WORK REQUIRED: Line by line, transcribe the data below exactly and pass over the images.

DATA SEGMENT:
=====

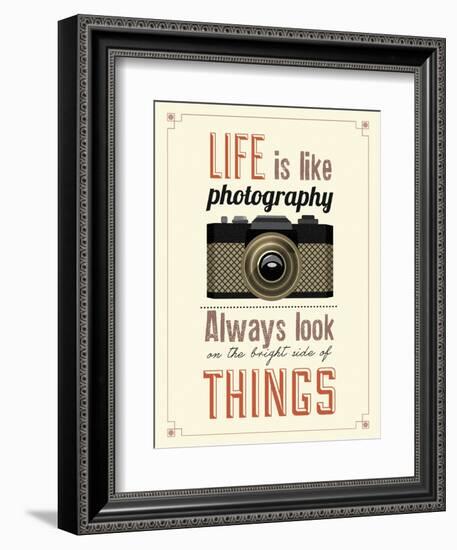 Vintage Old Camera Typographical Poster-Melindula-Framed Art Print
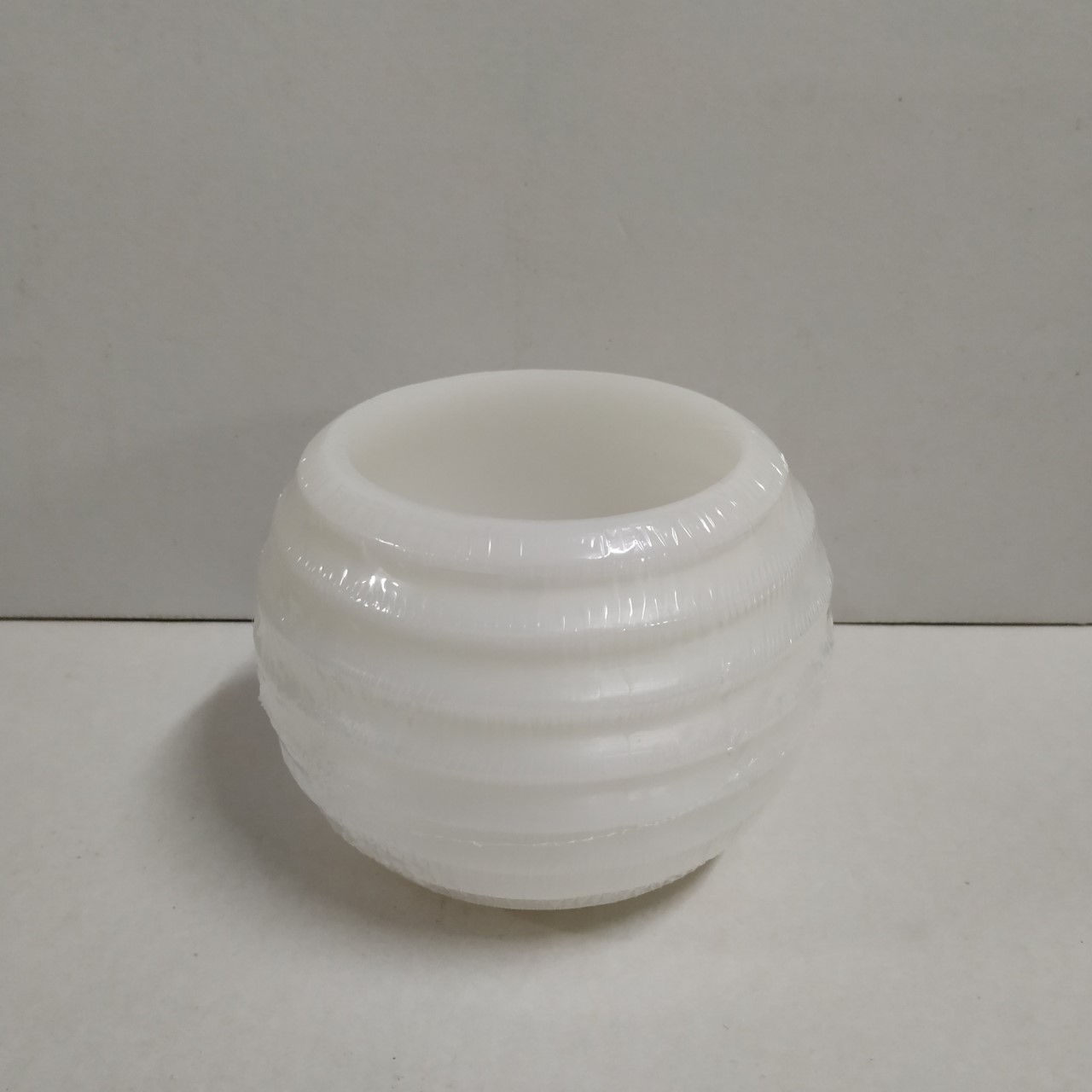 FLOATING RIBBED ROUND 15CM WHITE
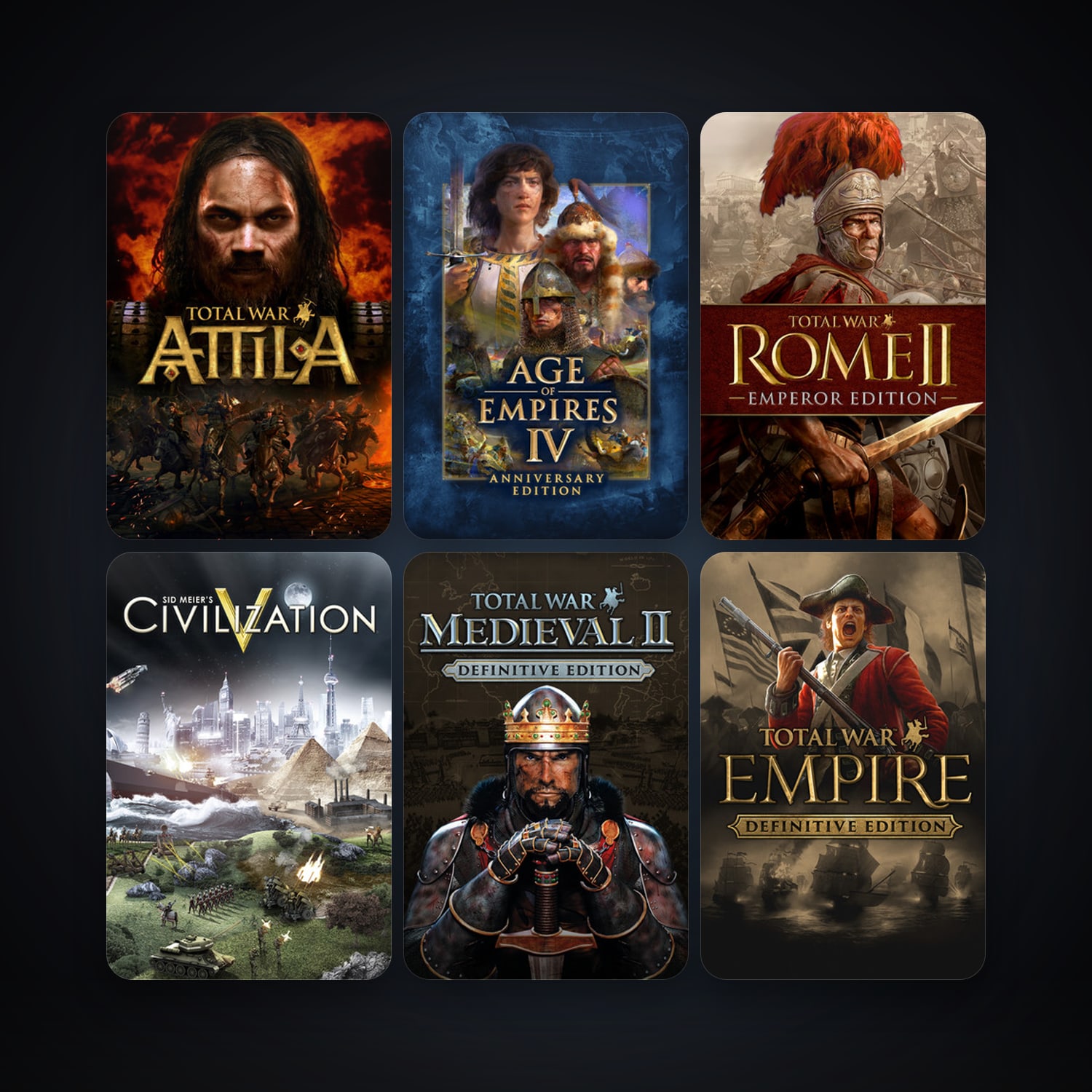 Medieval II: Total War + Sid Meier's Civilization V, 10 games, clean — HabibiAccounts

=====

FINAL ANSWER:
 Vintage Old Camera Typographical Poster-Melindula-Framed Art Print
 FLOATING RIBBED ROUND 15CM WHITE
 Medieval II: Total War + Sid Meier's Civilization V, 10 games, clean — HabibiAccounts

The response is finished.